Discussions on the history and historiography of Australia's New England

Wednesday, March 10, 2021

Armidale's education base established


Founded in 1894, TAS was part of the education growth of Armidale. The photo shows Dorm 2 in 1913. Conditions were Spartan by today’s standards! This is the third in a series exploring the rise, fall and slow recovery of the city of Armidale  

The last decades of the nineteenth and first decades of the twentieth century saw the establishment of the educational base that would determine Armidale’s future. 

By 1923, Armidale had established an articulated school structure that was remarkable for its time and would be familiar to Armidale residents for the next fifty years.  
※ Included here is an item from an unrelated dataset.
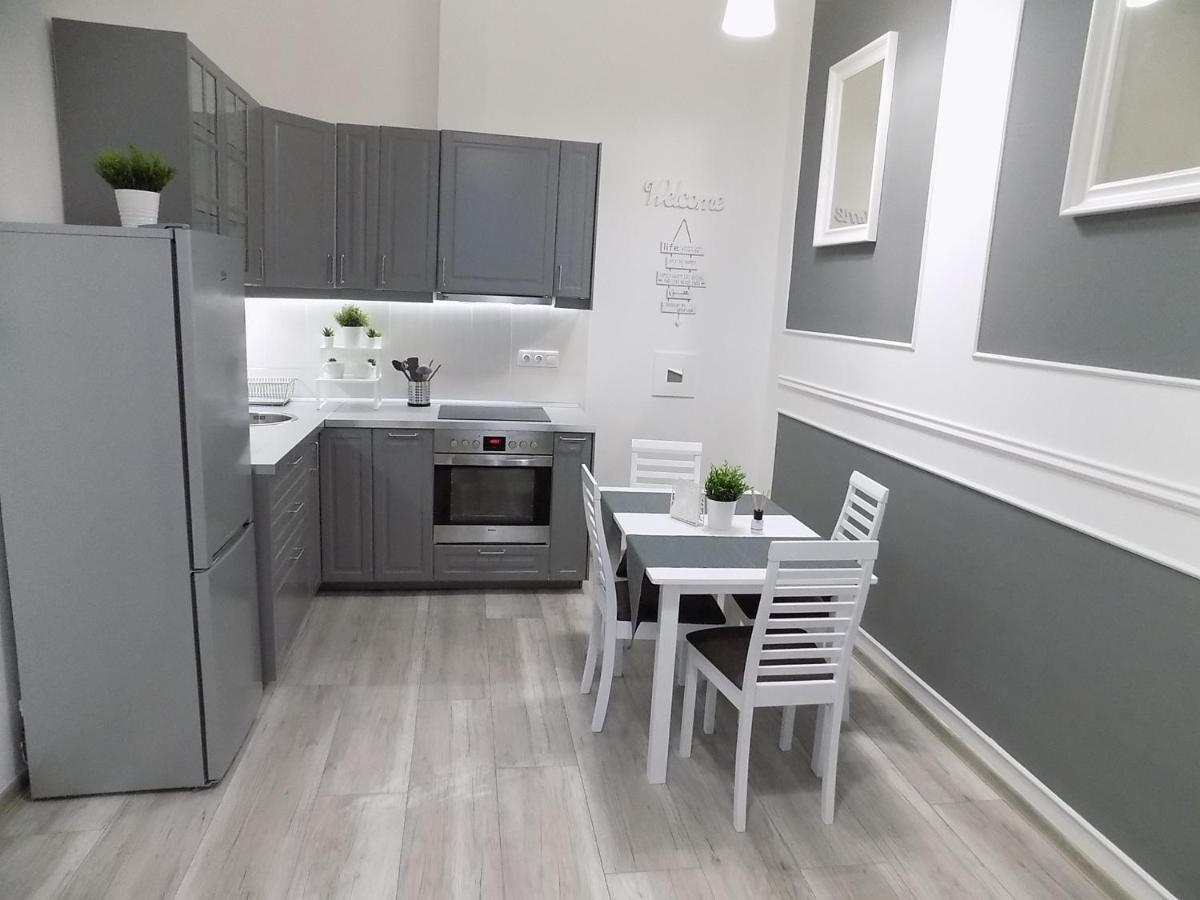 A10 Alkotmany B Apartment Budapest Eksteriør bilde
In public education, there were three primary schools:

  • Armidale Superior Public School (1865) later Armidale Demonstration School, later still Armidale City Public School
  • West End (1890), later West Armidale Public School, later still Drummond Memorial School
  • North Armidale (1900) late Ben Venue (1914).

These primary schools, along with those in the surrounding districts, fed into the newly established Armidale High School (from 1920, buildings completed 1923). With time, a number of Church hostels would be established to provide boarding accommodation for those attending Armidale High.

The Roman Catholic school system covered what is now St Mary’s Primary School (from 1848), St Ursula’s College (1882) and De La Salle College (1906). Both St Ursula’s and De La Salle provided boarding facilities.

The two Anglican boarding schools were the Armidale School (1894) and the New England Girls’ School (1895). In addition, the New England Ladies College had been established in 1887. Later this would become the Hilton School, later still the Presbyterian Ladies College.

Armidale also had its first tertiary institution, St John’s Theological College, established in 1898 to provide training to prospective Anglican clergy. This college would move to Morpeth in 1926.

These developments brought considerable economic and cultural benefits to the still small city. Boarders and the staff required to teach them brought economic benefits, as did construction associated with new school buildings.

The growth in the city’s educated class would feed into cultural and community activities and later into moves to bring new educational facilities to the city.

The developments could not have happened without the combination of the city’s role as a religious and administrative centre with the railway that made it easier for people to get to Armidale. But what the railway gave, it also took away.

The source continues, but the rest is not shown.